2. The construction method of the prefabricated slab crack-resistant structure in the hogging moment area of the composite girder bridge is characterized in that the prefabricated slab (6) in the step 1) comprises an A-type prefabricated slab panel, a B-type prefabricated slab panel and a C-type prefabricated slab panel, wherein the A-type prefabricated slab panel is a middle-position common prefabricated slab panel, the B-type prefabricated slab panel is an anchor slab with a tooth block, the C-type prefabricated slab panel is an end anchor slab, all three types of prefabricated slabs are reserved with prestressed steel beam pore channels, a short-beam prestressed steel beam post-tensioning method is used for tensioning the anchor slab of the B-type prefabricated slab panel, and a long-beam prestressed steel beam is tensioned to the tail end of the C-type prefabricated bridge slab.

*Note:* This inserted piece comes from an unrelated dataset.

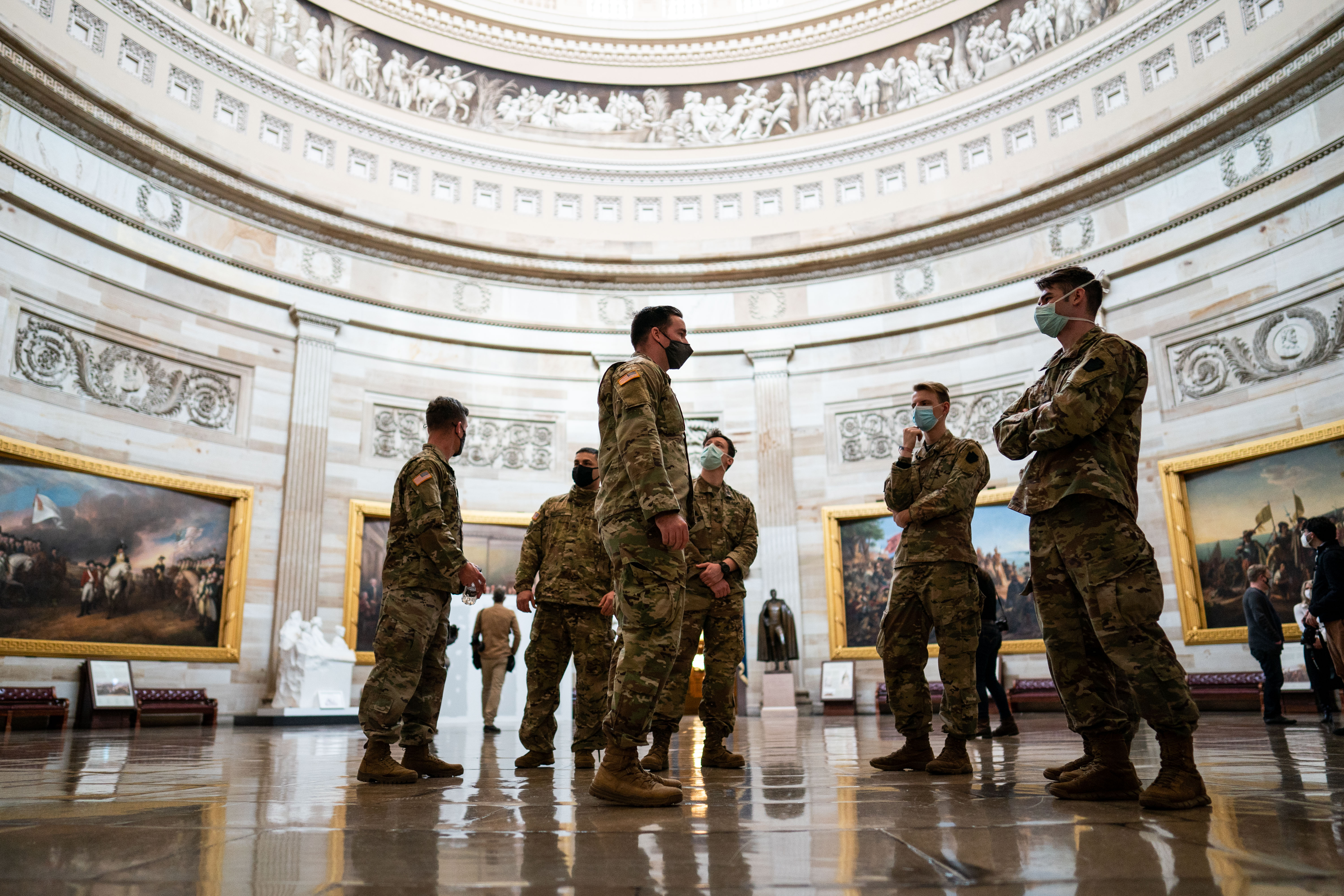 National Guard members stand in the rotunda.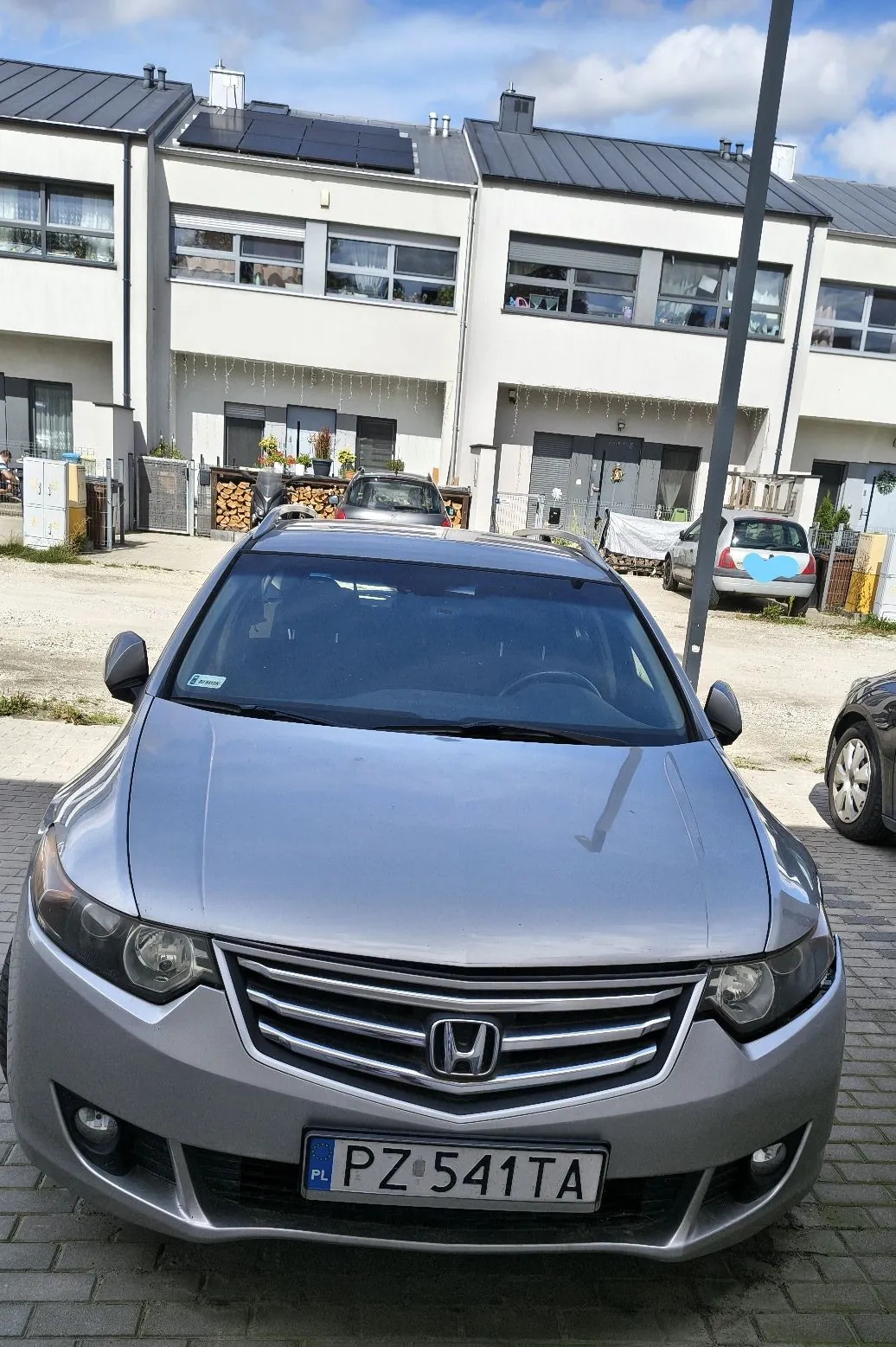 Srebrny samochód marki Honda zaparkowany przodem do obiektywu na kostce brukowej. Na samochodzie widoczna jest polska tablica rejestracyjna o numerze PZ 541TA. W tle znajdują się białe, nowoczesne domy szeregowe z panelami fotowoltaicznymi na dachach oraz inne zaparkowane samochody.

3. The construction method of the prefabricated slab crack-resistant structure in the hogging moment area of the composite girder bridge is characterized in that the length of a longitudinal bridge section of the prefabricated slab (6) is 2-3 m; the modular deck slab is suitable for the combined bridge with the span of more than 40 m.

4. The construction method of the precast slab crack-resistant structure in the hogging moment area of the composite girder bridge is characterized in that epoxy resin mortar injected into the rubber strip (2) is flush with the rubber strip (2), so that the modular bridge deck is tightly attached to the steel main girder (1) after concrete is poured into the shear pin groove (4).